Statistical modeling and optimization techniques find vast applications in management decision making process. Whether designing new products, streamlining a production process or evaluating current vs. prospective customers, today’s business managers face greater complexities than ever before. Running a shop on instinct no longer suffices. Statistics provide managers with more confidence in dealing with uncertainty in spite of the flood of available data, enabling managers to more quickly make smarter decisions and provide more stable leadership to staff relying on them. Statistical analysis of a representative group of consumers can provide a reasonably accurate, cost-effective snapshot of the market with faster and cheaper statistics than attempting a census of very single customer a company may ever deal with. The statistics can also afford leadership an unbiased outlook of the market, to avoid building strategy on uncorroborated presuppositions. Statistics back up assertions. Leaders can find themselves backed into a corner when persuading people to move in a direction or take a risk based on unsubstantiated opinions. Statistics can provide objective goals with stand-alone figures as well as hard evidence to substantiate positions or provide a level of certainty to directions to take the company. Statistics can point out relationships. A careful review of data can reveal links between two variables, such as specific sales offers and changes in revenue or dissatisfied customers and products purchased. Delving into the data further can provide more specific theories about the connections to test, which can lead to more control over customer satisfaction, repeat purchases and subsequent sales volume. Anyone who has looked into continuous improvement or quality assurance programs, such as Six Sigma or Lean Manufacturing, understands the necessity for statistics. Statistics provide the means to measure and control production processes to minimize variations, which lead to error or waste, and ensure consistency throughout the process. This saves money by reducing the materials used to make or remake products, as well as materials lost to overage and scrap, plus the cost of honoring warranties due to shipping defective products.

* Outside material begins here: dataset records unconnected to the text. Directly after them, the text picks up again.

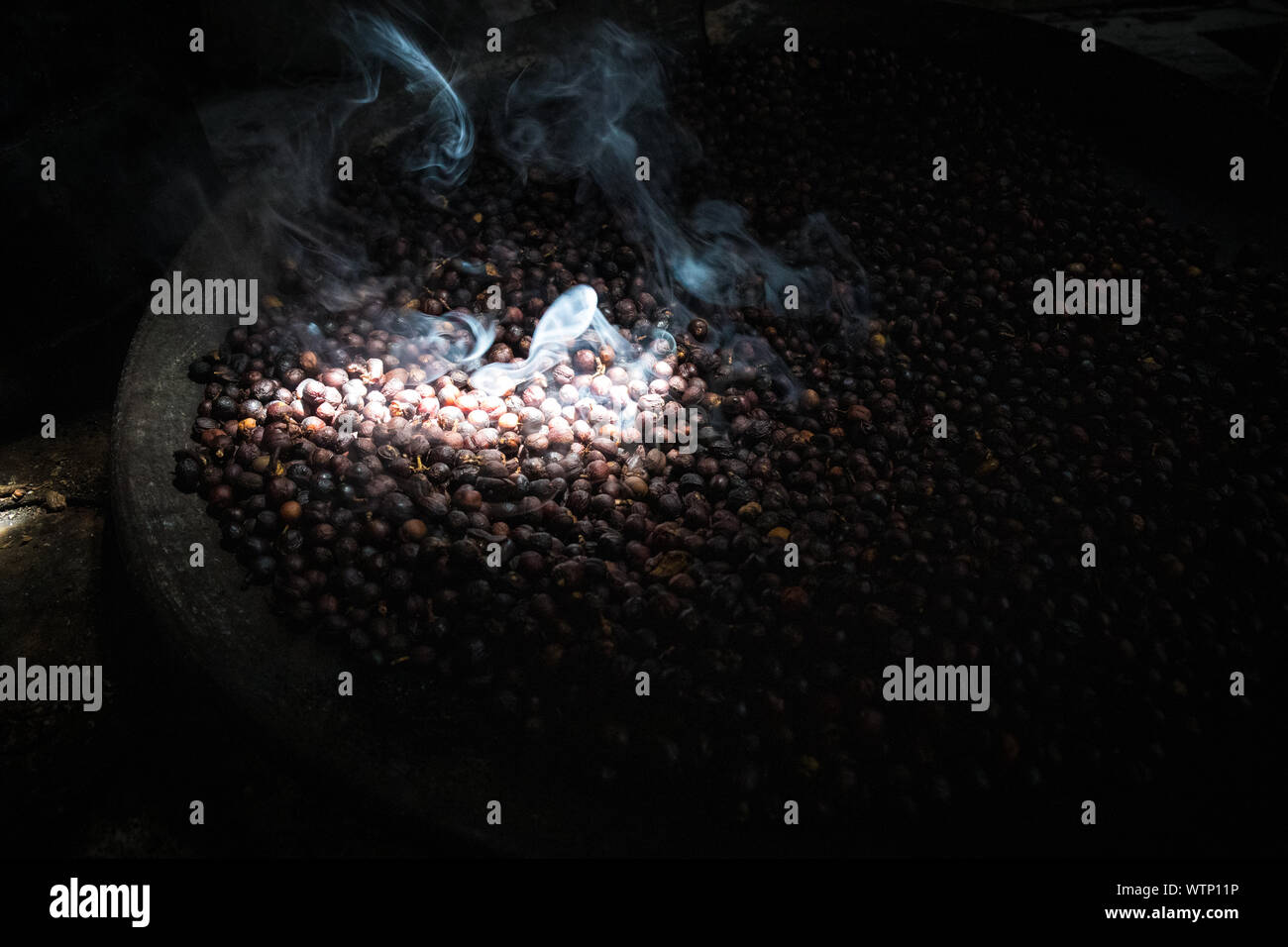 Torrefazione di caffè con la gente del posto a San Pedro La Laguna, Guatemala Foto Stock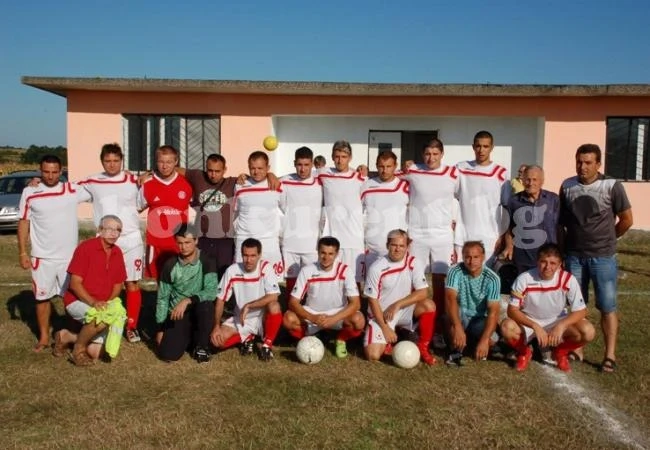 Благово надви с 2:1 Бенковски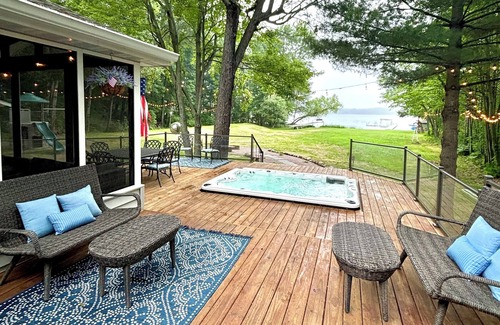 Spooner Casa | 5 BR Spacious Lake House with Hot Tub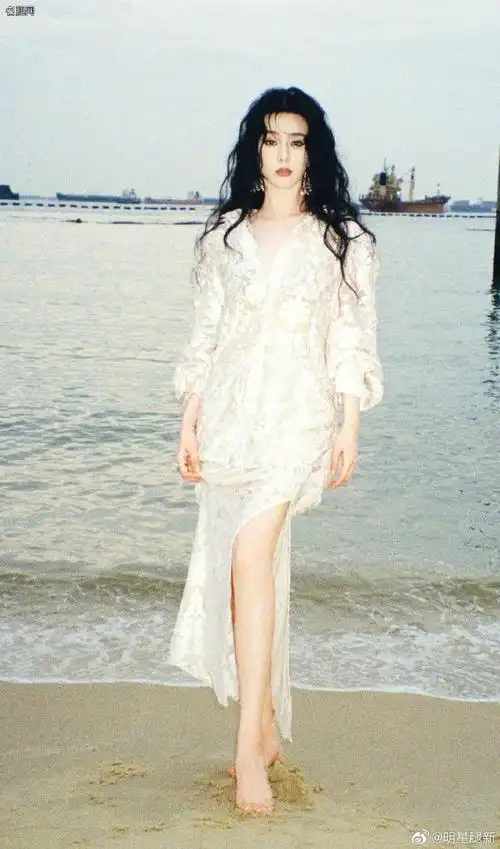 《时尚画报》八月刊范冰冰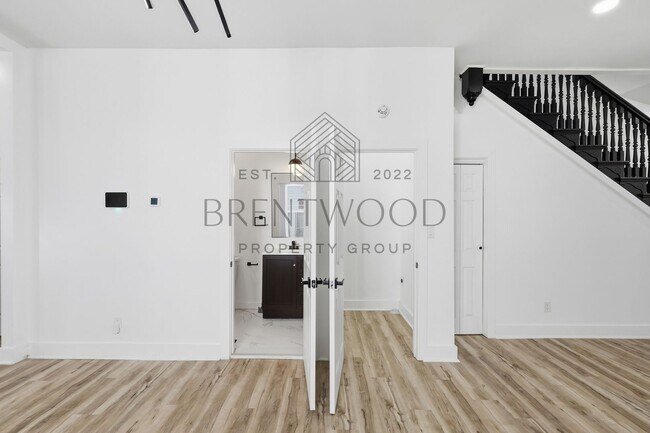 Building Photo - Contemporary 4bed/3bath with Private Yard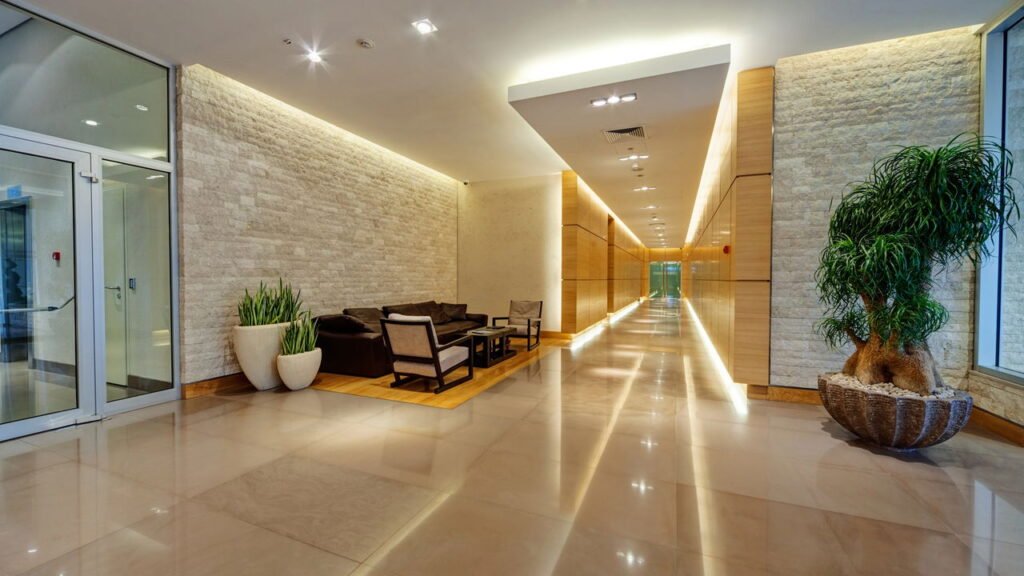 A única coisa que você nunca deve tocar depois de estar no saguão de um hotel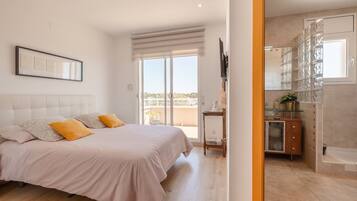 5 bedrooms, iron/ironing board, free WiFi, bed sheets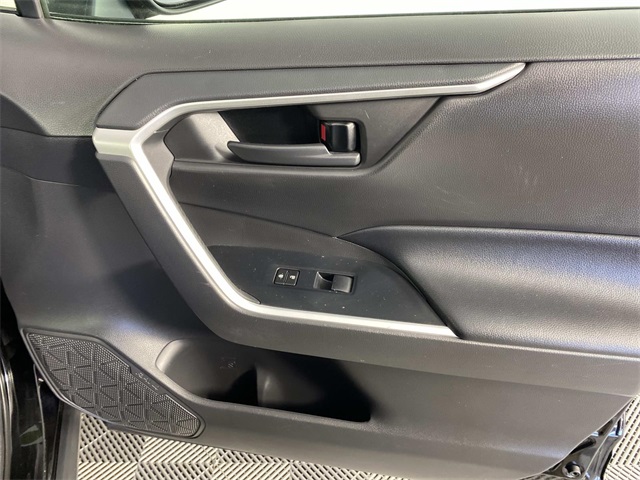 2021 Toyota RAV4 LE photo 22
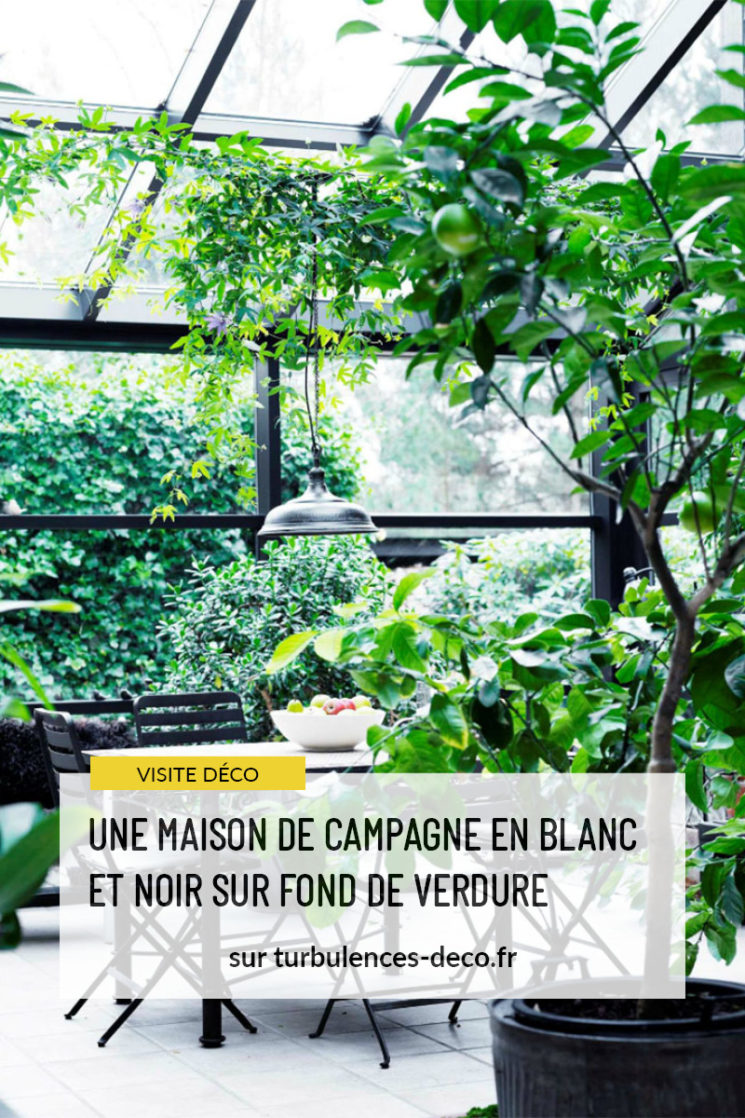 Une maison de campagne en blanc et noir sur fond de verdure à retrouver sur Turbulences Déco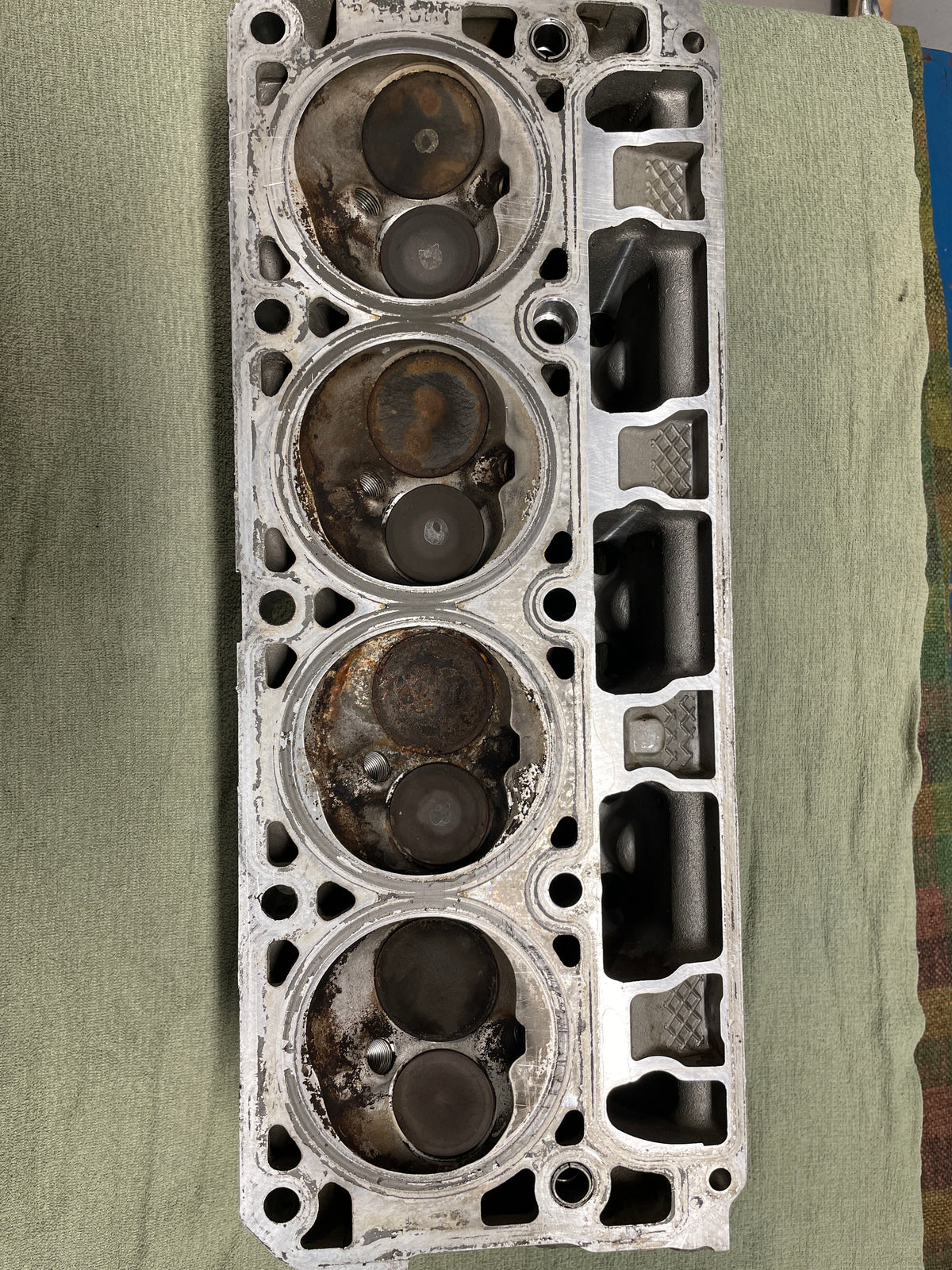 Used 214 Cylinder Head #016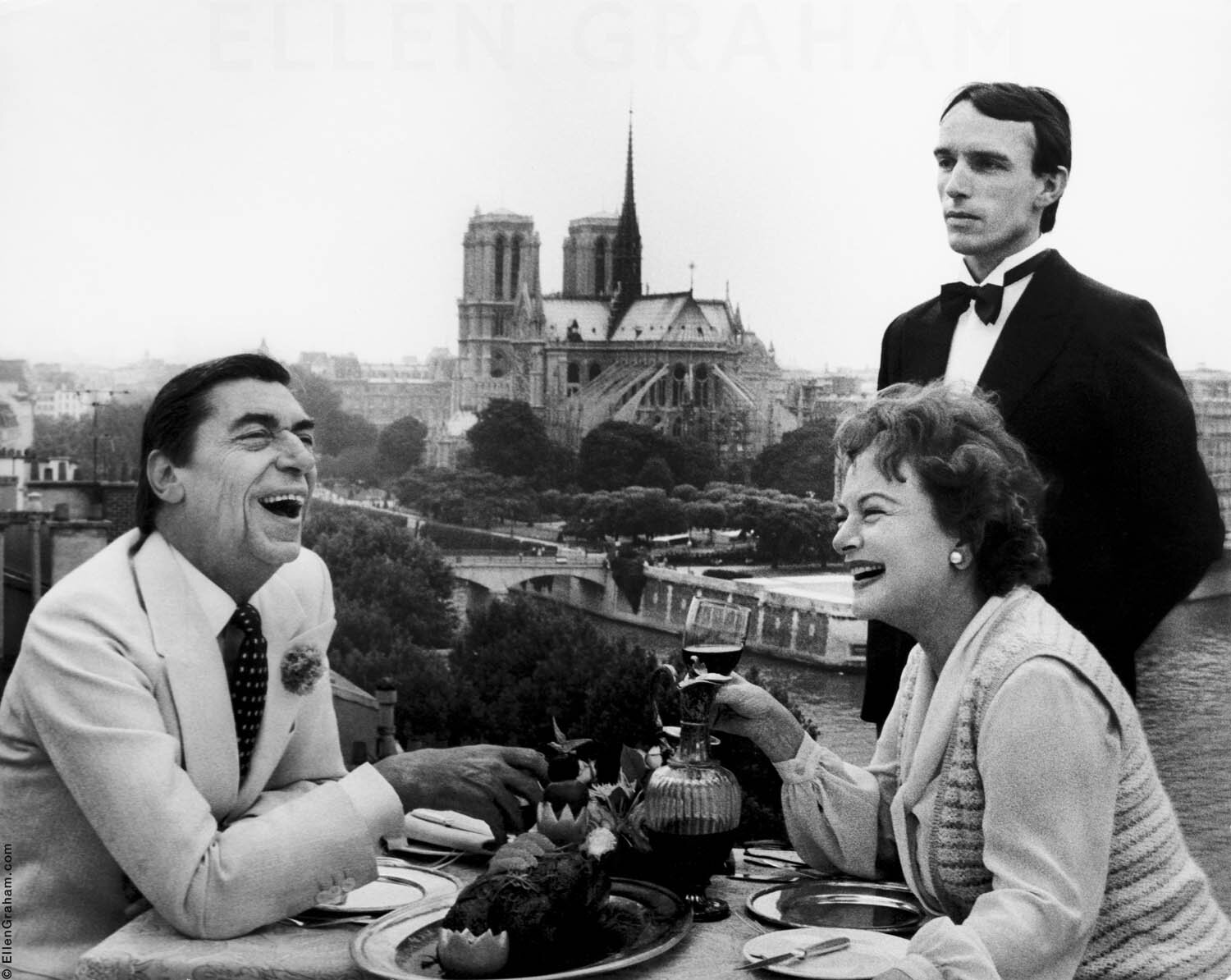 Olivia de Havilland, Claude Terrail, La Tour d'Argent, Paris, France, 1980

Employing techniques from other mathematical sciences, such as mathematical modeling, statistical analysis, and mathematical optimization, operations research arrives at optimal or near-optimal solutions to complex decision-making problems. Because of its emphasis on human-technology interaction and because of its focus on practical applications, operations research has overlap with other disciplines, notably industrial engineering and operations management, and draws on psychology and organization science. Operations research is often concerned with determining the maximum (of profit, performance, or yield) or minimum (of loss, risk, or cost) of some real-world objective. Originating in military efforts before World War II, its techniques have grown to concern problems in a variety of industries. Operational research (OR) encompasses a wide range of problem-solving techniques and methods applied in the pursuit of improved decision-making and efficiency, such as simulation, mathematical optimization, queuing theory and other stochastic-process models, Markov decision processes, econometric methods, data envelopment analysis, neural networks, expert systems, decision analysis, and the analytic hierarchy process. Nearly all of these techniques involve the construction of mathematical models that attempt to describe the system. Because of the computational and statistical nature of most of these fields, OR also has strong ties to computer science and analytics. Operational researchers faced with a new problem must determine which of these techniques are most appropriate given the nature of the system, the goals for improvement, and constraints on time and computing power.